Nonostante ciò partiti politici di centro, destra e “sinistra”, sedicenti esperti e giornalisti da divanetto si ostinano a celebrare l’efficienza dei mercati, accusano di essere “ideologico” chi la pensa come me e si stupiscono se li si accusa di difendere l’establishment. Personalmente dubito che il Governo intraprenda una politica di nazionalizzazioni, sia perché al suo interno molti non ne sono convinti, sia perché non ne ha la forza. E mi sembra che in ogni caso la revoca della concessione ad Autostrade, sempre che vada in porto, sia più una scelta di opportunità che di principio. Ma in politica si giudicano i fatti e non le intenzioni. E i fatti ci dicono che quel che farà il Governo lo vedremo, ma nel dibattito apertosi dopo il 14 agosto Forza Italia sta a vedere, Bersani e D’Alema sono in religioso silenzio, mentre il PD sostiene la tesi dell’indennizzo, cioè quella di Autostrade, così come qualche settimana fa sosteneva le tesi di Confindustria sui contratti a tempo, cioè, piaccia o non piaccia, the show must go on. Il che pone un problema politico: che, a meno che il M5S mi smentisca e intraprenda una politica di ripubblicizzazioni, in Italia oggi non esiste un possibile punto di riferimento politico e organizzativo per questa battaglia.
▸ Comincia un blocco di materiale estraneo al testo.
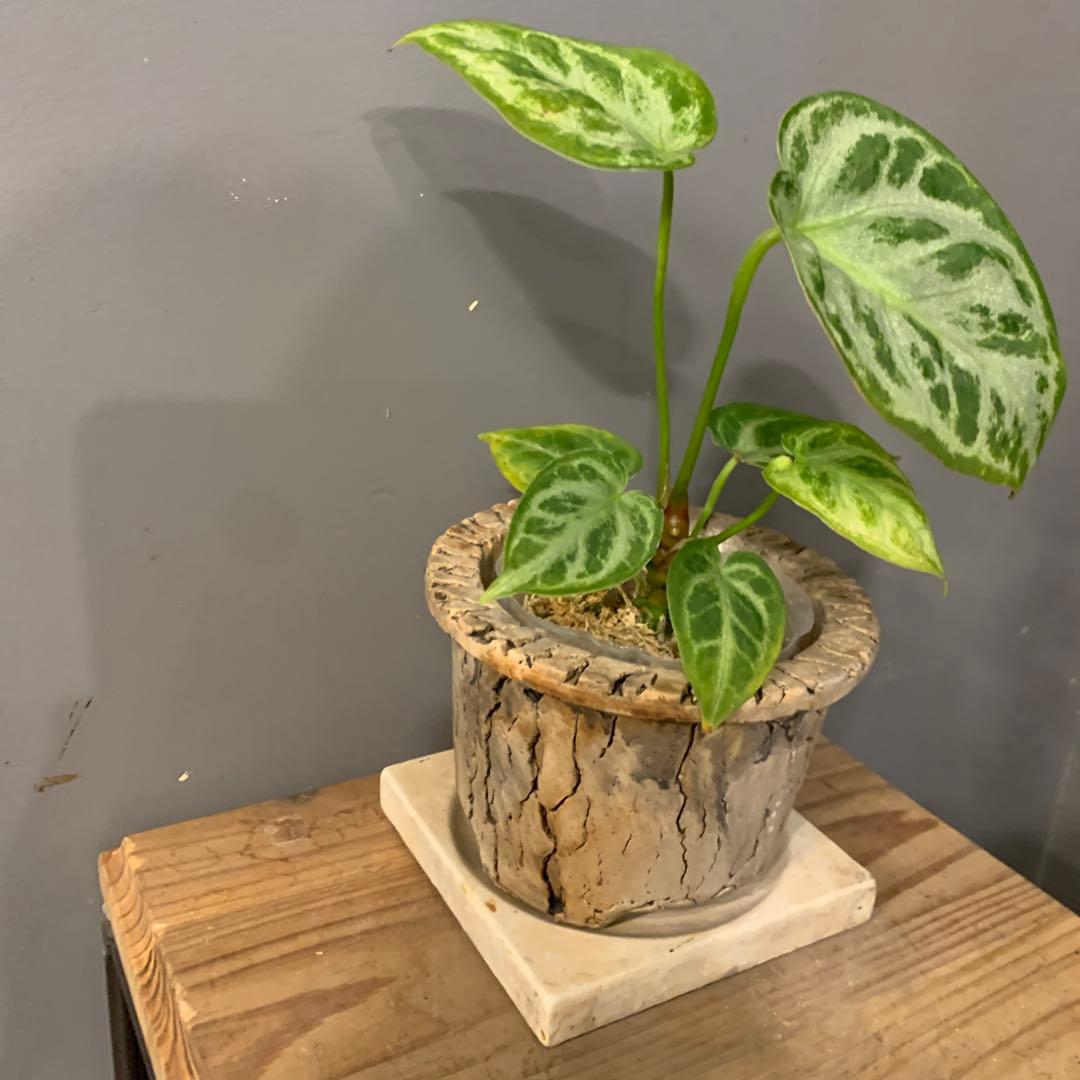 アンスリウム シルバーブラッシュ 陶器鉢 お皿付き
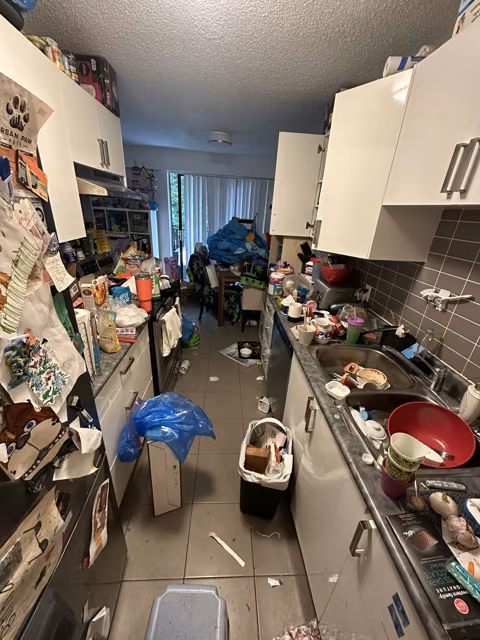 kitchen: before organizing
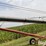 peck-1004-image-14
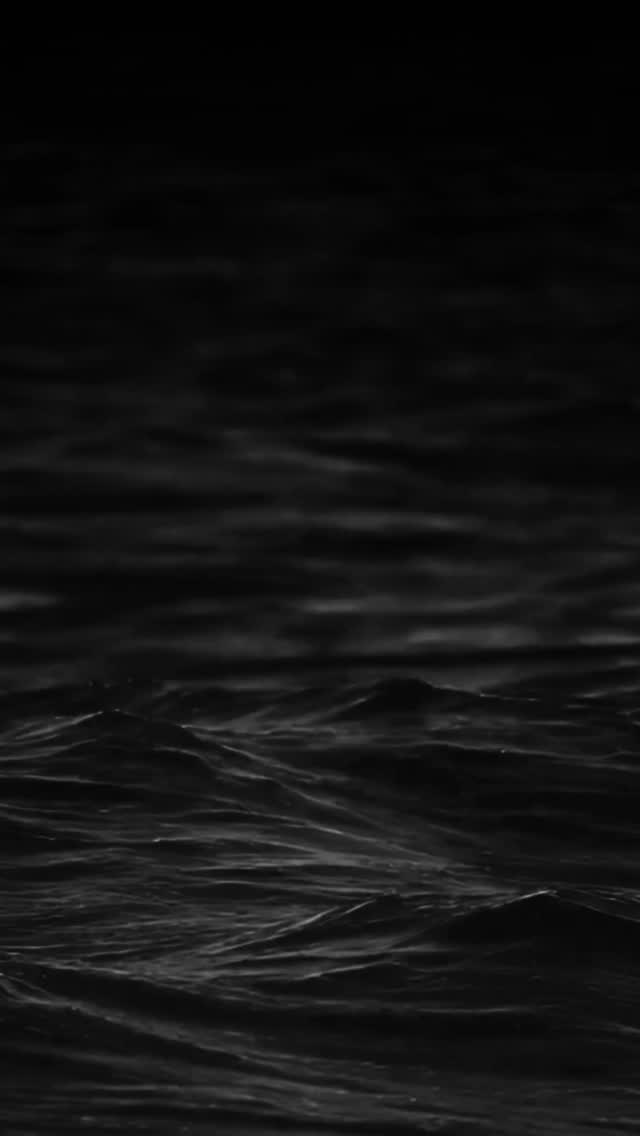 What a year it has been for The Whiskey Project Group. From being awarded our first US Navy contract to be built out of our new Edenton manufacturing hub, to seeing our watercraft equip operators with the tools they need for mission success.
This year saw the successful launch of the VYCOR watercraft brand alongside our NAiAD and The Whiskey Project ranges. Together, these high-performance fleets are reaching the front lines, ensuring operators are better equipped for their daily challenges through our commitment to innovation and safety.
We are grateful for the incredible community that has supported us every step of the way. Cheers to an incredible 2025 and we look forward to what’s to come in 2026.
#TWPG #2025recap #boatbuilders #happynewyear #watercraft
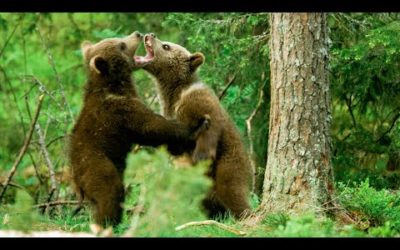 Baby brown bears are seriously cute! | Seven Worlds, One Planet | BBC Earth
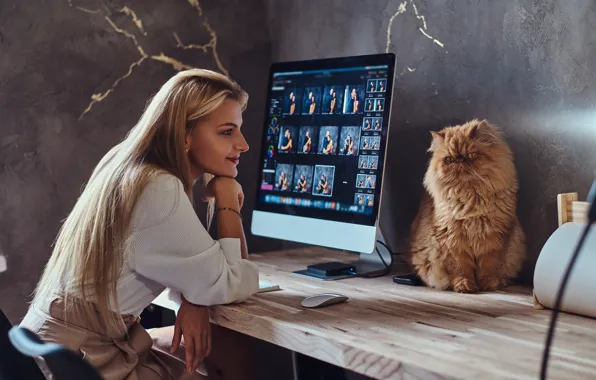 Cat, girl, monitor, mistress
Allo stesso tempo però la situazione presenta molti motivi di interesse. Il tema delle nazionalizzazioni è al centro del dibattito politico. Nei prossimi mesi i dipendenti ILVA e Alitalia (26mila più l’indotto) dovranno battersi per difendere occupazione e stipendi in un contesto in cui è chiaro che con la gestione privata nella migliore delle ipotesi i lavoratori riusciranno a ridurre il danno. Nel comparto delle aziende partecipate – trasporto, acqua, gas, rifiuti – in autunno a Roma si terrà il referendum consultivo sulla privatizzazione di ATAC, mentre a Napoli da qualche tempo si parla di privatizzazione dell’omologa ANM e più in generale assistiamo a un rapido degrado di aziende spesso formalmente pubbliche ma stritolate nella camicia di forza di una gestione privatistica, con gran parte delle attività esternalizzate ad aziende private e utilizzate dalla politica come collettore di denaro pubblico da indirizzare agli “amici”, per le quali l’alternativa è tra il ritorno alla logica del servizio pubblico e il baratro, mentre la corrente dominante le spinge verso la privatizzazione. E poi c’è quel che si muove sullo stesso terreno ma al di fuori dei nostri confini, di cui non possiamo non tenere conto, perché è evidente che la questione dell’acciaio, del trasporto aereo, dei servizi pubblici non si risolve in Italia se non si affronta come minimo a livello europeo e comunque tenendo conto che oggi un’ora di sciopero in Cina pesa 10 volte un’intera giornata di sciopero in Italia. Credo che la questione del modello economico e anche quella della rappresentanza politica di chi oggi una rappresentanza politica non ce l’ha più si giocherà su questo terreno più che nelle alchemiche scomposizioni e ricomposizioni di vecchi partiti che quando c’era da combattere hanno marcato visita e che ora non hanno più nulla da dire.